Anyone who has ever visited a publications staff room knows that there is a lot of activity happening all at once; the fact that the chaos doesn’t seem to affect anyone present is the sign of a well organized staff and classroom.
Two of your highest priorities when you begin the year will be assigning staff positions and providing job descriptions to everyone on staff and organizing the room so that tools are easily found and put away after use.
Let’s start with the room itself. A quick trip to Pinterest and searching “organizing the yearbook room” or “organizing the classroom” will yield some very creative and affordable ideas like this and this just to get you started. If you’re like me and you want some additional more costly items like comfortable seating or a mini fridge to store drinks for late nights, you may want to make a big WISH LIST and post it prominently in your room for parents to see on back-to-school night. You never know when someone has an extra something that they’d be willing to donate or when someone who is really handy would be willing to build you something. My portable mail center was awesome thanks to one of my staff member’s fathers who was a carpenter.

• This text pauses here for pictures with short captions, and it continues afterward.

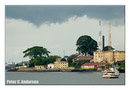 Central Freetown, seen from Kingtom.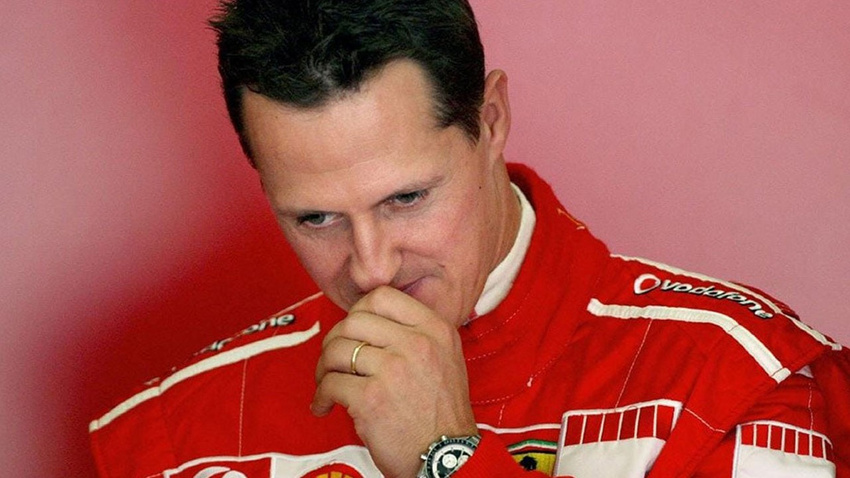 Michael Schumacher'den müjdeli haber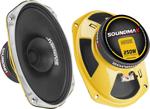 Soundmax Sx-M69K 250 W 16X24 Cm Oto Hoparlör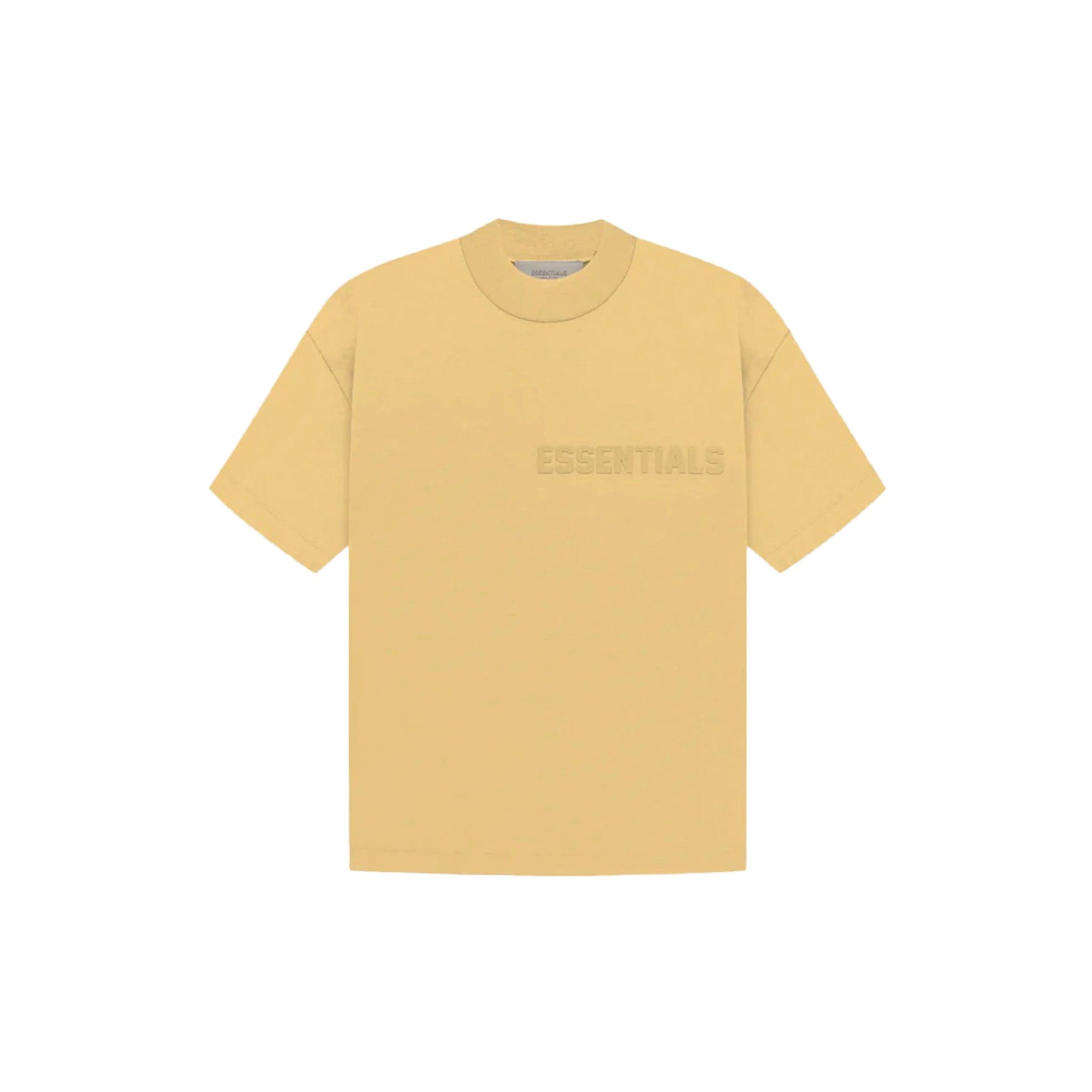 Fear of God Essentials SS Tee Light Tuscan - Common Hype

Your staff room will become a home away from home for you and your staff so you’ll want it to be an inviting, comfortable space that functions like a productive office. Brainstorm with your staff during the first few days about things they would like to have in the room to make it just perfect.
Once you’ve got your room in order, you’ll want to provide your staff with an easy-to-use but comprehensive manual that they can reference BEFORE they come to you with a question about fonts, photography check-out instructions, design or type styles, etc. Having a good staff manual will keep you from having to answer the same question 36 times and allow the staff to be more self sufficient.
Providing direction to your staff and in your room will help control the inevitable chaos that makes a yearbook staff room come alive and allow you to maintain control over the process.